* [TASK TO CARRY OUT]:
Please print every record below exactly as it appears, but leave out the pictures.

* [AVAILABLE DATA]:
........

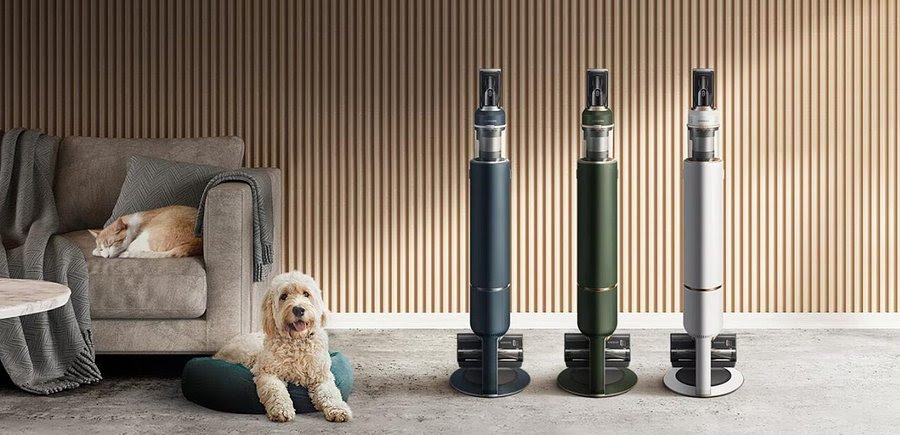 Sofre de alergias primaveris? A Samsung quer ajudá-lo! 3 Sofre de alergias primaveris? A Samsung quer ajudá-lo!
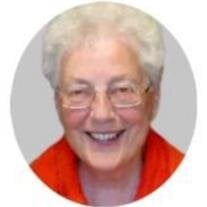 Sr. Teresa Marie Boersig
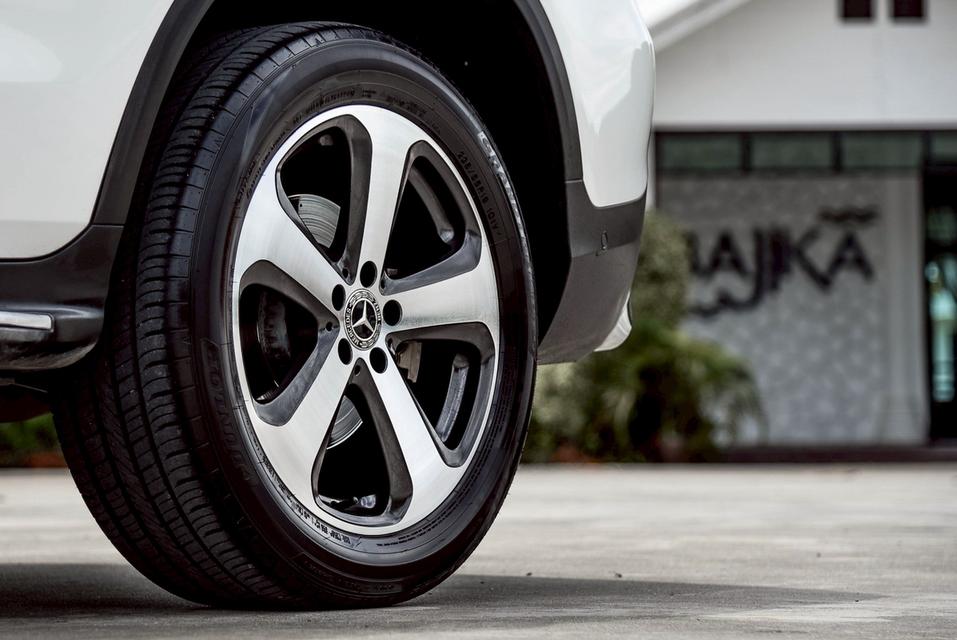 รหัสรถ CBL5961 Mercedes-Benz GLC 250d 2.1 4MATIC W253 AT 2018 2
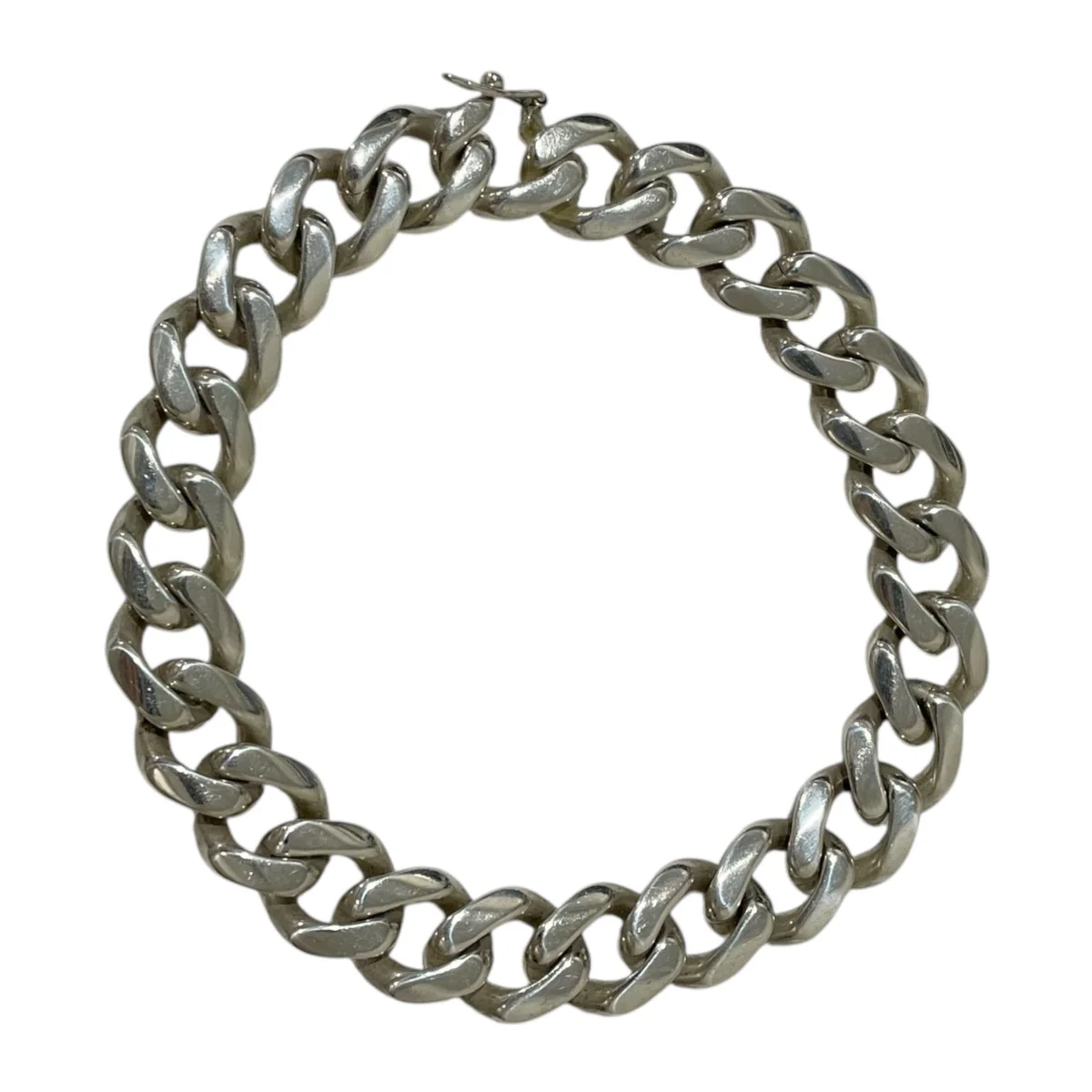 チェーンリンクブレスレット Chain Link Bracelet - Image 2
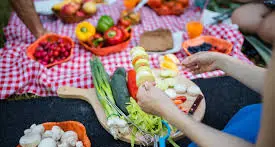 “Per gli Italiani mangiare non è solo nutrirsi: è cultura, storia, territorio, convivialità.”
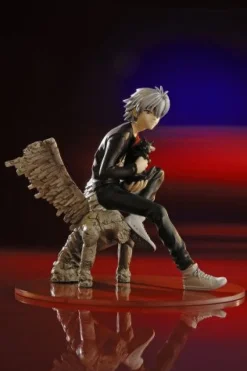 Kotobukiya Evangelion Shin Gekijouban - Nagisa Kaworu - ES Series - 1/8 - New Theater ver. Clearance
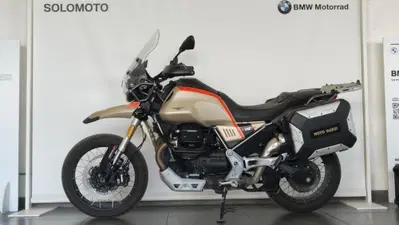 Moto Guzzi V85 TT Travel (2021 - 23) usata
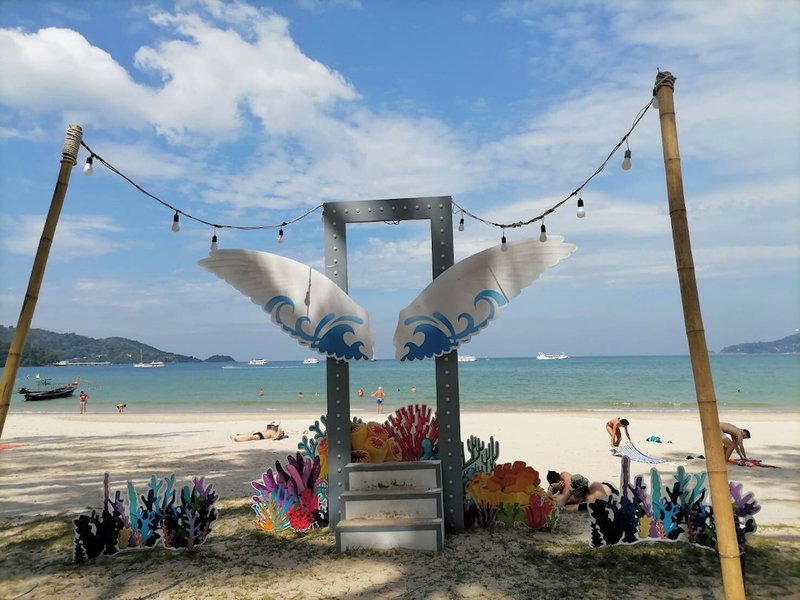 Hemingways Silk Hotel, Kathu, Thailand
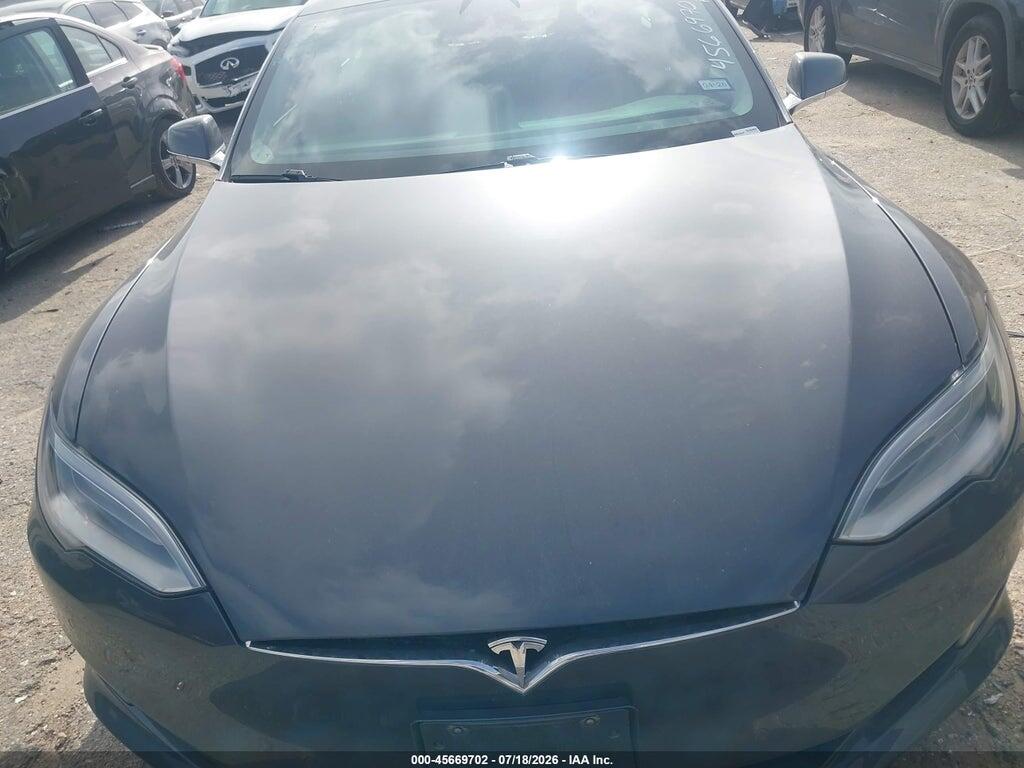 5YJSA1E29JF245288 2018 TESLA MODEL S photo no. 10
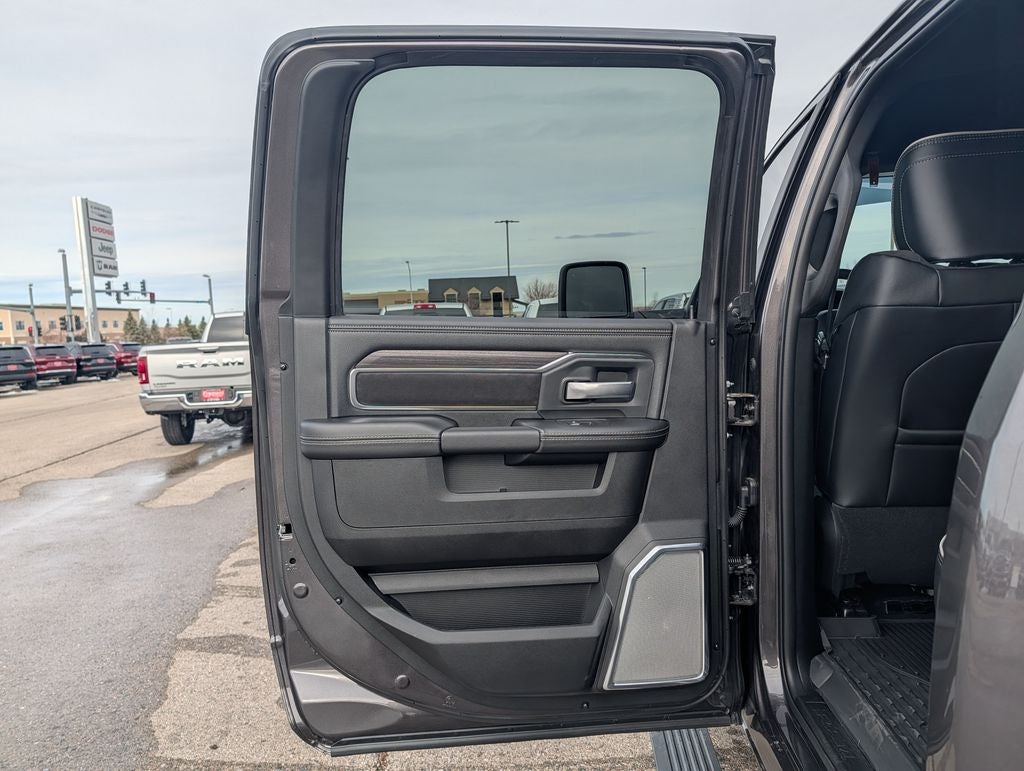 2026 RAM 2500 Laramie Night Edition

........

* [ANSWER]:
 Sofre de alergias primaveris? A Samsung quer ajudá-lo! 3 Sofre de alergias primaveris? A Samsung quer ajudá-lo!
 Sr. Teresa Marie Boersig
 รหัสรถ CBL5961 Mercedes-Benz GLC 250d 2.1 4MATIC W253 AT 2018 2
 チェーンリンクブレスレット Chain Link Bracelet - Image 2
 “Per gli Italiani mangiare non è solo nutrirsi: è cultura, storia, territorio, convivialità.”
 Kotobukiya Evangelion Shin Gekijouban - Nagisa Kaworu - ES Series - 1/8 - New Theater ver. Clearance
 Moto Guzzi V85 TT Travel (2021 - 23) usata
 Hemingways Silk Hotel, Kathu, Thailand
 5YJSA1E29JF245288 2018 TESLA MODEL S photo no. 10
 2026 RAM 2500 Laramie Night Edition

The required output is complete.